____ The data
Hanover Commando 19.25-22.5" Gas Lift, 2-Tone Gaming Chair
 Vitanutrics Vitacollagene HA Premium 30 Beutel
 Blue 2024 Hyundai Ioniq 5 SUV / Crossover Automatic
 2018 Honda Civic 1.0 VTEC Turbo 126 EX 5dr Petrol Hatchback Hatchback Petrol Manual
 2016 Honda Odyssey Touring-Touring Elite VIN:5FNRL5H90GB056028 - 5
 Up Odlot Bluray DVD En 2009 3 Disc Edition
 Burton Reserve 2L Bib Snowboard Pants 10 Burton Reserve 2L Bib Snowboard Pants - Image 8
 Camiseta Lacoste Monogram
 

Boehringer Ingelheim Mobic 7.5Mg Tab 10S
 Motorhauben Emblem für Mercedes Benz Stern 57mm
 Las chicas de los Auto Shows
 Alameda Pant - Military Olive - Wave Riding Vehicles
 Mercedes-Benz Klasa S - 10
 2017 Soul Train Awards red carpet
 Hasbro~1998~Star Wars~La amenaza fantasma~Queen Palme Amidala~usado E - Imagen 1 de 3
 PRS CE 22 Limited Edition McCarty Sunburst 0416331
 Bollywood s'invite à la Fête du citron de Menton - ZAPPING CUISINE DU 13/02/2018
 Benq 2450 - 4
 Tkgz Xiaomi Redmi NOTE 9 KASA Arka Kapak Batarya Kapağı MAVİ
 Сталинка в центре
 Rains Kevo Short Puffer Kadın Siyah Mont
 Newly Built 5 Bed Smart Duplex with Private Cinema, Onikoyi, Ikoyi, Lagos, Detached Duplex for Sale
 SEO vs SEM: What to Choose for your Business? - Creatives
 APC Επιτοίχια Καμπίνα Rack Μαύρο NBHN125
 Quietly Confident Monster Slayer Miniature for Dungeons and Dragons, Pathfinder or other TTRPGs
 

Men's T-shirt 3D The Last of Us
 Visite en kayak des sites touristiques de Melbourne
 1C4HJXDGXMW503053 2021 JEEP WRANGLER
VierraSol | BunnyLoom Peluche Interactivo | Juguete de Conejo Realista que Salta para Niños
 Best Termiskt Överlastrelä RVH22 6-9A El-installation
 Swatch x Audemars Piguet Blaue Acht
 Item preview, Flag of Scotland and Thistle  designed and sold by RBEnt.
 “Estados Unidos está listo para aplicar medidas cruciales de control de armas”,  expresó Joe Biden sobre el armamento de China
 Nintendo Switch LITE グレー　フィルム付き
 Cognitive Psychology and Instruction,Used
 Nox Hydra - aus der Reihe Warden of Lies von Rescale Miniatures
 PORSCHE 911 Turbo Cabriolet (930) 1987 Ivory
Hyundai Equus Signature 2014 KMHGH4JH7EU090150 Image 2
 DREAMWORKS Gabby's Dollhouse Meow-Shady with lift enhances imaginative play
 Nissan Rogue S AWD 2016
________
» Requirement: Output only the lines from the one containing "Cognitive Psychology and Instruction,Used" through the end of the material, please, exactly as they appear.

» Exercise answer:
 Cognitive Psychology and Instruction,Used
 Nox Hydra - aus der Reihe Warden of Lies von Rescale Miniatures
 PORSCHE 911 Turbo Cabriolet (930) 1987 Ivory
Hyundai Equus Signature 2014 KMHGH4JH7EU090150 Image 2
 DREAMWORKS Gabby's Dollhouse Meow-Shady with lift enhances imaginative play
 Nissan Rogue S AWD 2016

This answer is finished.